I was musing one morning about my day ahead. I was doing one of those subcortical activities of daily living in which the mind can wander freely. Have you ever jumped in the car with the intention of stopping at the store on the way home, only to find yourself pulling into your driveway after spending the drive contemplating those issues on your plate that day? You drive home on autopilot. It occurred to me that it can happen in much the same way in our daily practice of medicine—how easy it is to slip into autopilot when admitting patients and doing our daily rounds.
During this particular morning, I mulled over many things: the translocation between chromosomes 9 and 22 in CML, the obstructive PFTs one generally sees in cadmium exposure, debating whether to give corticosteroids or to induce delivery in a 33-week pregnant woman with HELLP syndrome. Maybe you’re wondering: Am I a physician practicing in a remote rural area that has no access to oncologists? Do I practice in an underserved industrial town next to an old battery factory? Or am I an old-fashioned GP who still delivers babies?
No, no, and no. I am a board-certified internist who was preparing for my Maintenance of Certification (MOC) examination.
A New Way of Thinking
I am 42 years old, I have a busy medical practice, I am the medical director of the 14-person HM group at Wentworth-Douglass Hospital in Dover, N.H., and I am the mother of two children, ages 9 and 11. And I found myself, on top of all these things, a student, too.
I’ve been practicing medicine for 11 years. I’ve gone from practicing primary care in a small community in Maine to working at a larger community medical center in New Hampshire, becoming a hospitalist in 2005, then taking on the job of director of my hospitalist group in 2006. With more than a decade of experience under my belt, I felt I had the depth of knowledge experience brings.

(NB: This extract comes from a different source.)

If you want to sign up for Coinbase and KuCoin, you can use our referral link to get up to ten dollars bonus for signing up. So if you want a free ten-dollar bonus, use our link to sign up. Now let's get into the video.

However, as I traveled through the process of preparing for the American Board of Internal Medicine’s (ABIM’s) new Focused Practice in Hospital Medicine (FPHM) secure exam, it began to dawn on me: Medicine is a complicated profession that not only requires careful attention to the details of every case, it also demands it. In order to avoid the pitfall of practicing distracted medicine, we must carefully foster our own continuing education.

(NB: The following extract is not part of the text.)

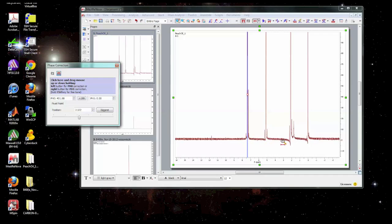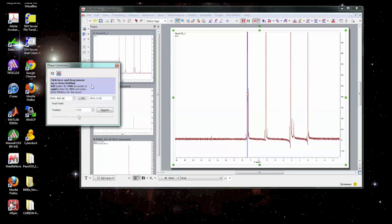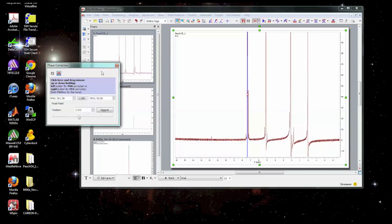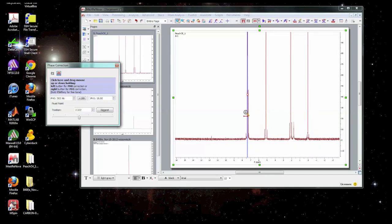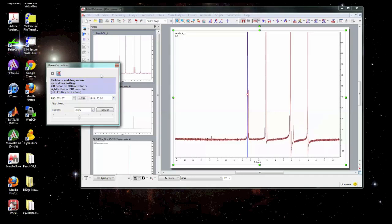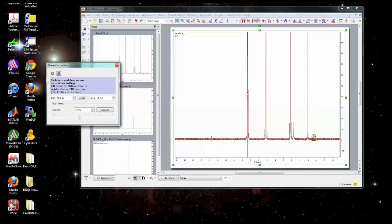So that one looks perfect but now we can see some of these other ones aren't perfect and if I fix one of the other ones with the zero order this one looks bad. So we can't fix them all simultaneously. That's why we need the first order phase correction. So I'm going to use the right mouse button and adjust the first order phase correction and you can see that first order phase correction affects the entire spectrum but leaves the peak at the pivot point alone. It actually has an increasing effect as we move away from the pivot point and no effect at the pivot point.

Going through the studying process has enabled me to think about the medicine I practice in a much more academic way. True, I don’t necessarily need to know some of the things I’ve encountered in my study sessions for my everyday practice, but I find myself spouting off random facts to anyone who will listen—colleagues, nurses, even patients. “Did you know that only about one-fourth of crystalloid remains in the intravascular space, where the rest goes into the tissues?” “If the triglycerides in this fluid are greater than 115, this is a chylothorax!” I’m paying attention again to the theory and pathophysiology behind medical illnesses, not just to the drudgery of writing routine orders or checking off boxes on a protocol.
It has not been easy. Although I’ve known I needed to recertify in internal medicine since I took the exam the first time, I did not actively start looking into the exam and preparing until about a year and a half before my exam, when I talked to a colleague who had already started preparing. That’s when I learned that this was not only an exam, but also a process. This process is intended by the board to be an active part of maintaining certification during the 10 years before it is due again, not just to be crammed into the last year or two before certification expires. I recommend to anyone going through this process to familiarize yourself with the ABIM website (www.abim.org). Initially, it was a little unwieldy to maneuver around the site, and it wasn’t entirely clear to me what exactly was needed to recertify until I spent some time maneuvering through the site.